_Dataset section_:
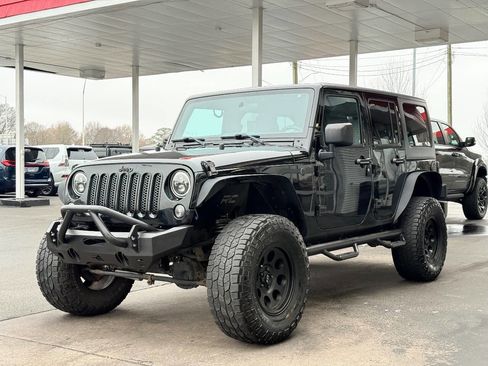 Used 2016 Jeep Wrangler Unlimited Sport w/ Connectivity Group image 6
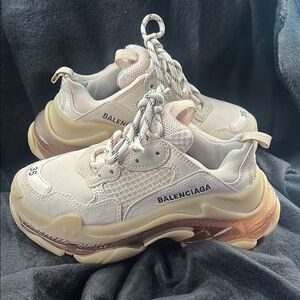 Balenciaga Beige Sneakers
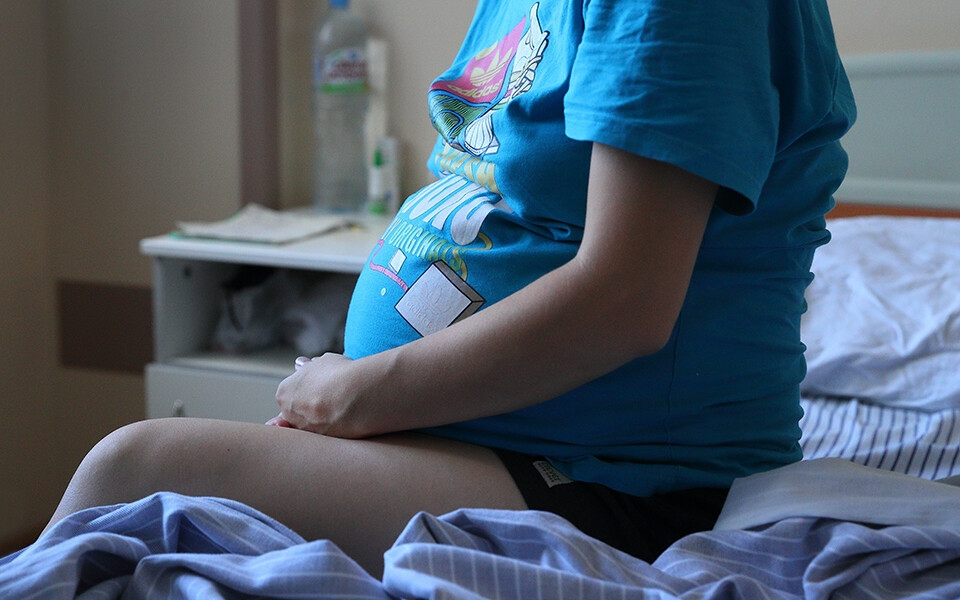 Кошелек или жизнь: почему депутат Госдумы предлагает платить мамам за отказ от аборта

_What is required_: The full listing above, duplicated exactly and without its pictures, is the answer.

_Result_:
 Used 2016 Jeep Wrangler Unlimited Sport w/ Connectivity Group image 6
 Balenciaga Beige Sneakers
 Кошелек или жизнь: почему депутат Госдумы предлагает платить мамам за отказ от аборта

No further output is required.